It is noted that a similar approach has been attempted using the CYGNSS raw IF data collected over Mississippi River in [27], and this new analysis presented here is just to provide the users a simply example on how to extract observables from the complex waveform for different geophysical application. It is also remarkable that a similar algorithm will be also implemented as the HydroGNSS mission’s Level 2 inundation detection processor. However, the impact of dense vegetation and saturated soil on the performance of such detector should be further investigated. Note that CYGNSS mission has made dedicated raw IF data collections over inundation regions as well as tropical wetlands, e.g., Amazon basin, Mississippi watershed, Yucatan Lake, Florida Everglades and White River watershed. The complex waveforms generated from these raw IF data can be used to demonstrate the application of inland water detection, and can also facilitate the development and validation of the HydroGNSS baseline inundation processor.

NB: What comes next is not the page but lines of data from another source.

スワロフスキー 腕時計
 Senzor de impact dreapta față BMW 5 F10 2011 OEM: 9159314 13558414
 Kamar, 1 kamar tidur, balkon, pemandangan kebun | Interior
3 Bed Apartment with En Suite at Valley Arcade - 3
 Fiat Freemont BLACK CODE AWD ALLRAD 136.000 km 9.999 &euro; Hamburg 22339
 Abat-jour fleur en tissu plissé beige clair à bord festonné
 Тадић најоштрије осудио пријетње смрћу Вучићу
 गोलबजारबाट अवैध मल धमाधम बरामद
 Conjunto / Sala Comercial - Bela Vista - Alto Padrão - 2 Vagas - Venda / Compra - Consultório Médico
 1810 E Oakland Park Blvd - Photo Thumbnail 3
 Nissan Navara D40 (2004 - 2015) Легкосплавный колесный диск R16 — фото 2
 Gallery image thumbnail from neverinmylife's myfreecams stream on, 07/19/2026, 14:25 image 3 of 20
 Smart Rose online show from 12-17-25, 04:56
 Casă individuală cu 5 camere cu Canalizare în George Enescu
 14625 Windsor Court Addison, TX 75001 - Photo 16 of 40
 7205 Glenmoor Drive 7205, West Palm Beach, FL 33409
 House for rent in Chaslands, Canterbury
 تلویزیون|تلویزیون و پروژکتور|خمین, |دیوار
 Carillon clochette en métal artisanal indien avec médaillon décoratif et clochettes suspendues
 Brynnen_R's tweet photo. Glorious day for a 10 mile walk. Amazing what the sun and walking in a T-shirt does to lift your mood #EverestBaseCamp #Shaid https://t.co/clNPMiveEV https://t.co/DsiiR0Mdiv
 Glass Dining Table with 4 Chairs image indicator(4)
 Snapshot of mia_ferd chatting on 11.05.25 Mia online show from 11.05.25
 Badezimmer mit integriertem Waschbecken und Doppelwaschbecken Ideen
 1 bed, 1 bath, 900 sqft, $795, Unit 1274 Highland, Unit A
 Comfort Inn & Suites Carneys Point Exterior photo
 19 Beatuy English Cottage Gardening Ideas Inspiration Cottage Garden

The user can set the target region in the function Find_RawIF_Track to find and download the complex waveforms data files in these regions.

5.3. Demonstration of GNSS-R Altimetry

Altimetry using reflected GNSS signal is one of the main potential applications of GNSS-R concept. However, there is still no dedicated GNSS-R altimetry mission in orbit. The publicly available Level 1 datasets from TDS-1 and CYGNSS are generated mainly for ocean scatterometry applications, and there are several limitations to using them for altimetry purpose. For example, the main variable for reconstructing the onboard OL delay in CYGNSS Level 1 data product, i.e., “add_range_to_sp”, is truncated to 0.1 chip numeric precision (∼30 m), which can significant increase the total altimetry error and mask the truly achievable altimetry precision.
In our processing of the raw IF data sets, the OL delay model, i.e., δ ρ OL dr in (2), is provided in full precision in the netCDF files for each complex waveform, which makes it possible to demonstrate GNSS-R altimetry. In fact, such demonstrations have been attempted by using either group delay or carrier phase delay over different types of surface, e.g., over sea ice in [24,32], ice sheet in [43], open ocean in [26,31,74], and lakes in [25].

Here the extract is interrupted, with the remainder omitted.